'''
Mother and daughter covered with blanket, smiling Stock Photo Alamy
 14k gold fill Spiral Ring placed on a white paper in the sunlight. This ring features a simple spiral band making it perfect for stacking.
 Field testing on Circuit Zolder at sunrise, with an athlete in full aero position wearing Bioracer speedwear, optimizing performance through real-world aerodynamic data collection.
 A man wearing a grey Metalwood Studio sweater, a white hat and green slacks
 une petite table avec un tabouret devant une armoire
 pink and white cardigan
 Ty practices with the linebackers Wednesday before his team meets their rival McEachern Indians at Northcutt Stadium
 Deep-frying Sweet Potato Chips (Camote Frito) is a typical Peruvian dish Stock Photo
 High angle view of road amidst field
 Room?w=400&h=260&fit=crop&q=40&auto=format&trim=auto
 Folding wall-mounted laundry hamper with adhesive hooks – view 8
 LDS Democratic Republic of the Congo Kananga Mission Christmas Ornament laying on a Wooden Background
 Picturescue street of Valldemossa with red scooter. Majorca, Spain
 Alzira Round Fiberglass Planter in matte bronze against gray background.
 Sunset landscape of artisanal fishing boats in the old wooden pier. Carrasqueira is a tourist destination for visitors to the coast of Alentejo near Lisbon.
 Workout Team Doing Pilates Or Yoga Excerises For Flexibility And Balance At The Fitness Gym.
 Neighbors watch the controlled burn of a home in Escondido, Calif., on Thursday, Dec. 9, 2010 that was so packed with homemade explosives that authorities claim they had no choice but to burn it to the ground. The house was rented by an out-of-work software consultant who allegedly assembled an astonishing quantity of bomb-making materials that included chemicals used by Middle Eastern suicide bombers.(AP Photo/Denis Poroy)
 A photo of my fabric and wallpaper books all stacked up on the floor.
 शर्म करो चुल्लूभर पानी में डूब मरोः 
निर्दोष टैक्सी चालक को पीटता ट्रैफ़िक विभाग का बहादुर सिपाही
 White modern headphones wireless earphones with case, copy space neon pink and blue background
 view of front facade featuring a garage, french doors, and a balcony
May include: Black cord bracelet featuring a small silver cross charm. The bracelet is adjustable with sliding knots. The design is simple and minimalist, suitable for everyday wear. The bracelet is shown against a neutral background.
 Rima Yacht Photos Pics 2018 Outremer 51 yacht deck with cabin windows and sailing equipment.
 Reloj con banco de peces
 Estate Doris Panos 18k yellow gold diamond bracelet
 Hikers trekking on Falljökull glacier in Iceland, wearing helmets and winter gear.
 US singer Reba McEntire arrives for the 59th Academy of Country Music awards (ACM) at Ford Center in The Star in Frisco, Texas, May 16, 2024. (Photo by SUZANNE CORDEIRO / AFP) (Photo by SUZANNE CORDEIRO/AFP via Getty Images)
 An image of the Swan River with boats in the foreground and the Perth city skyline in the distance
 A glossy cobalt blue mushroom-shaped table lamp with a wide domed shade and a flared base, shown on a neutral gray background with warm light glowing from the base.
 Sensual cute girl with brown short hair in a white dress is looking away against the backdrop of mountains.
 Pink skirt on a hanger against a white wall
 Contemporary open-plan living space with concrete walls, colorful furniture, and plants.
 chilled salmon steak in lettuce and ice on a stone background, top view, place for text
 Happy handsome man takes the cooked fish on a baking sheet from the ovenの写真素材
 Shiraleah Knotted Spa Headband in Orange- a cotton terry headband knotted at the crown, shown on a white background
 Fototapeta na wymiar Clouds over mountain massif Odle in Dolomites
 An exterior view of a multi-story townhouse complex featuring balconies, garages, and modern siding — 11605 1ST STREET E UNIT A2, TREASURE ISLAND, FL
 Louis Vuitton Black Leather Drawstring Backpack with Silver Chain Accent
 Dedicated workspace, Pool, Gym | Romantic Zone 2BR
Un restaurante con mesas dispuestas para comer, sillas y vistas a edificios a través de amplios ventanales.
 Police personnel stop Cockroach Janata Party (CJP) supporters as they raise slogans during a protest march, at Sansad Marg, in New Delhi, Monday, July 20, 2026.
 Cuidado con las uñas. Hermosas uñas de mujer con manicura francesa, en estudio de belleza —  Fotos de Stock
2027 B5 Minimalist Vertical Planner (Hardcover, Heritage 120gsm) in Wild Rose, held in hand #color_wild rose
'''
## WHAT TO PRODUCE
Lines holding the string "wearing" are the answer; copy each one from the listing above.

## COMPLETED TASK
 Field testing on Circuit Zolder at sunrise, with an athlete in full aero position wearing Bioracer speedwear, optimizing performance through real-world aerodynamic data collection.
 A man wearing a grey Metalwood Studio sweater, a white hat and green slacks
 Hikers trekking on Falljökull glacier in Iceland, wearing helmets and winter gear.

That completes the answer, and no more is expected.